P. FERRARI     Phase transition for the diluted clock model
Slides
We prove that phase transition occurs in the dilute ferromagnetic nearest-neighbour q-state clock model in Z^d, for every q≥2 and d≥2. This follows from the fact that the Edwards-Sokal random-cluster representation of the clock model stochastically dominates a supercritical Bernoulli bond percolation probability, a technique that has been applied to show phase transition for the low-temperature Potts model. The domination involves a combinatorial lemma which has interest by itself. Joint work with Inés Armendariz and Nahuel Soprano-Loto.

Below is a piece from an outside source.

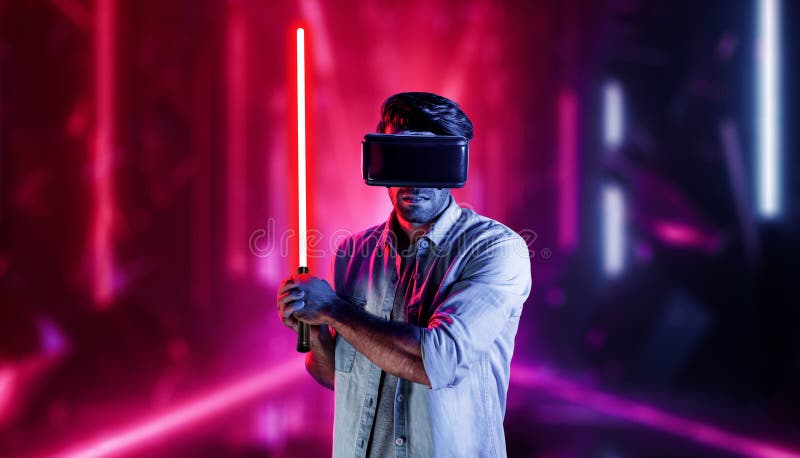 Gamer holding laser sword and playing action game while wearing VR glasses. Caucasian man using visual reality headset while standing and surrounding by neon castle. Innovation technology. Deviation. Gamer holding laser sword and playing action game while wearing VR glasses. Caucasian man using visual reality headset while standing and surrounding by neon castle. Innovation technology. Deviation.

M. GUBINELLI     Regularisation by noise in some PDEs
Slides

We discuss some examples of the “good” effects of “very bad”, “irregular” functions. In particular we will look at non-linear differential (partial or ordinary) equations perturbed by noise. By defining a suitable notion of “irregular” noise we are able to show, in a quantitative way, that the more the noise is irregular the more the properties of the equation are better. Some examples includes: ODE perturbed by additive noise, linear stochastic transport equations and non-linear modulated dispersive PDEs. It is possible to show that the sample paths of Brownian motion or fractional Brownian motion and related processes have almost surely this kind of irregularity. (Joint work with R. Catellier and K. Chouk).

L. KORALOV     Averaging, homogenization, and large deviation results for the study of randomly perturbed dynamical systems
Slides
In this talk we’ll discuss several asymptotic problems that can be formulated in terms of PDEs and solved using probabilistic methods. The first set of problems concerns the asymptotic behavior of solutions to quasi-linear parabolic equations with a small parameter at the second order term. Here we employ an extension of the large-deviation theory of Freidlin and Wentzell. Another set of problems concerns equations with a small diffusion term, where the first-order term corresponds to an incompressible flow, possibly with a complicated structure of flow lines. Here we use an extension of the averaging principle. Finally, we’ll consider equations with a small diffusion term with periodic coefficients in a large domain. Depending on the relation between the parameters, either averaging or homogenization need to be applied in order to describe the behavior of solutions. We’ll discuss the transition regime. Different parts of the talk are based on joint results with D. Dolgopyat, M. Freidlin, M. Hairer, and Z. Pajor-Guylai.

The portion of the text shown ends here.